Restrict the output to the lines below starting at the one that contains "Người Trở Về Từ Cõi Chết Chương 5 trang 30" and ending at the one that contains "Accessoires Dashboard Microfoonstandaard", and restate them word for word, both ends included.

▶ Extracted entries:

::::::::::

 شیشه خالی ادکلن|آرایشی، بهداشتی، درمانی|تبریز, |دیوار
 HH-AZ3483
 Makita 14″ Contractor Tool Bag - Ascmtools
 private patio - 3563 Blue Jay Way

::::::::::

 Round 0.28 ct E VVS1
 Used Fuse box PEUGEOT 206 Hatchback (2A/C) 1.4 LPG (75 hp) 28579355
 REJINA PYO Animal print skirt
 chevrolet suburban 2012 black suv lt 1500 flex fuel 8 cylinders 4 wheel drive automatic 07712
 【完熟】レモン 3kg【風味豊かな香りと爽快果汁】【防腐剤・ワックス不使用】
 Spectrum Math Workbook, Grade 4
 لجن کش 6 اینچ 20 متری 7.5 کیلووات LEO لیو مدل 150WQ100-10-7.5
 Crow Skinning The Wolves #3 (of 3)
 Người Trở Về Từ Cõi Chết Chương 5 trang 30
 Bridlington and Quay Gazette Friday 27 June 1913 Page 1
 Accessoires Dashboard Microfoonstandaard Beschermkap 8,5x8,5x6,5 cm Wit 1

::::::::::

▶ Output below:
 Người Trở Về Từ Cõi Chết Chương 5 trang 30
 Bridlington and Quay Gazette Friday 27 June 1913 Page 1
 Accessoires Dashboard Microfoonstandaard Beschermkap 8,5x8,5x6,5 cm Wit 1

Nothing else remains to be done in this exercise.